Minas Gerais acertou 92% dos resultados das eleições presidenciais. Em 13 disputas entre 1945 e 2022, os presidentes eleitos venceram no Estado 12 vezes. A taxa mostra o alinhamento entre o estado e o resultado nacional, mesmo diante de variações regionais.

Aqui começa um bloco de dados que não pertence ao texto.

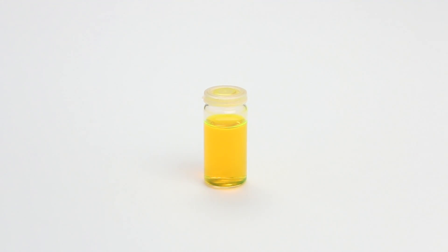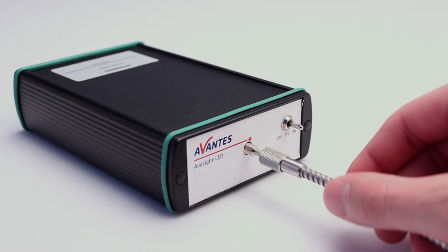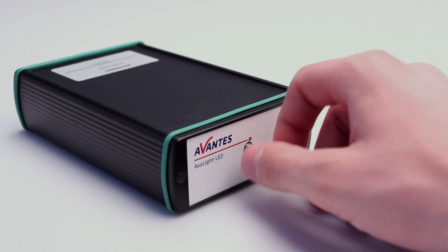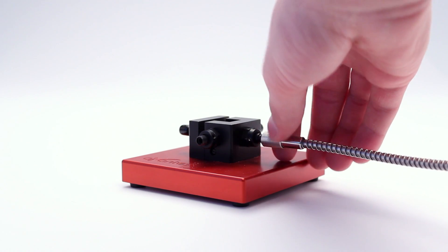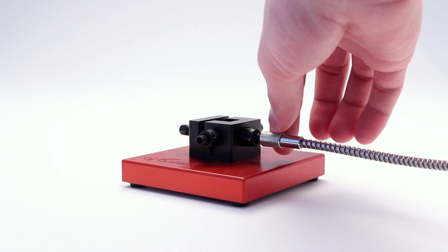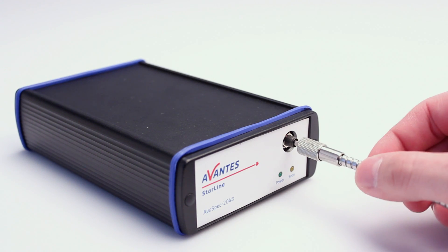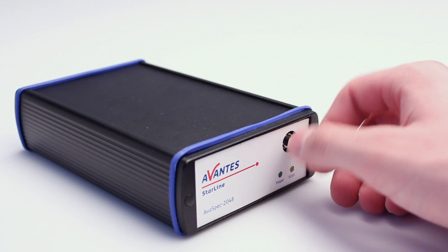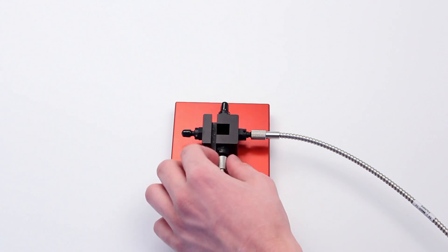In this example we are measuring fluorescent water. Start by connecting the light source to the cuvette holder. Then connect the spectrometer perpendicular to the light source connection.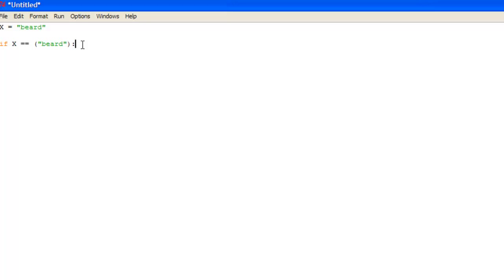You press the enter key and you see there is an indent here. Now Python relies heavily on indents in its programming language. So if you haven't got indents sometimes you get an error and stuff won't work, but it automatically indents it for you when you do this correctly.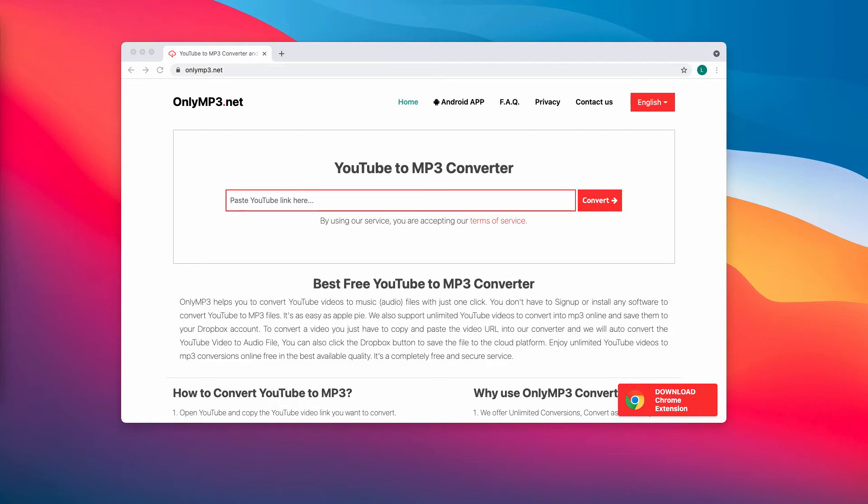It can open various scams designed to trick visitors into providing personal information such as credit card details, names, surnames, bank account numbers, or other information. It is common for pages like OnlyMP3.net to have untrustworthy advertisements on them.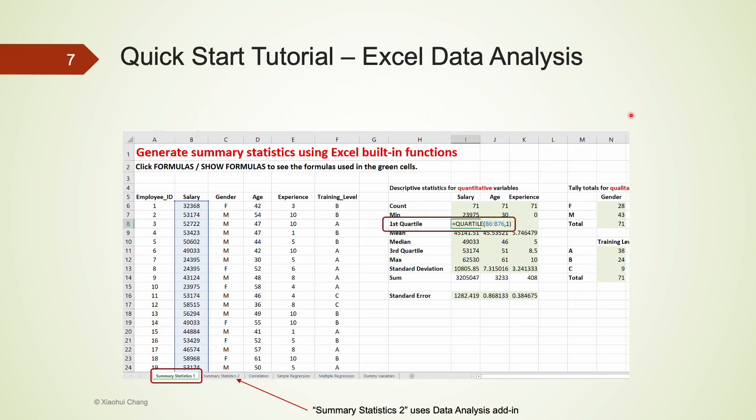After going through measures of location, standard deviation, and relative standing, I'm going to use a real-life data set to show how we can calculate those quantities using Excel built-in functions.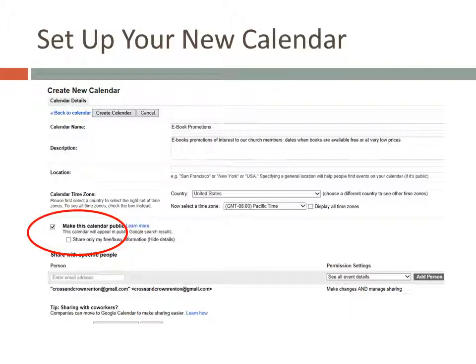Now that you've created a calendar, the next step is to find some e-book promotions to publicize on it. We'll take a little detour and I'll show you one way to do that in Part 2, Finding e-book Promotions.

A explicação está na organização regional do estado. Minas é dividido em 13 Regiões Geográficas Intermediárias, com características socioeconômicas e culturais distintas. Essas particularidades geram comportamentos eleitorais diferentes dentro de uma mesma unidade federativa.
Vargas venceu sem conquistar Minas em 1950
Em outubro de 1950, Getúlio Vargas disputou o retorno ao poder, enfrentando Eduardo Gomes e Cristiano Machado. Minas, com 1.936.691 eleitores, tinha o segundo maior colégio eleitoral do país. Eduardo Gomes liderou no estado com 441.690 votos; Vargas ficou em segundo, com 418.194. Vargas foi eleito presidente e governou até 1954, quando faleceu. Foi a única disputa entre 1945 e 2022 em que Minas não apontou o vencedor nacional.
Eleição de 2022 espelhou a polarização nacional
Na eleição de 2022, Lula obteve 50,20% dos votos válidos no estado, frente a 49,80% de Bolsonaro. No agregado nacional, o petista teve 50,90% contra 49,10%. O estreito resultado mineiro refletiu a dinâmica de polarização observada no país, com um ciclo eleitoral marcado por alta participação e disputa intensa entre os candidatos.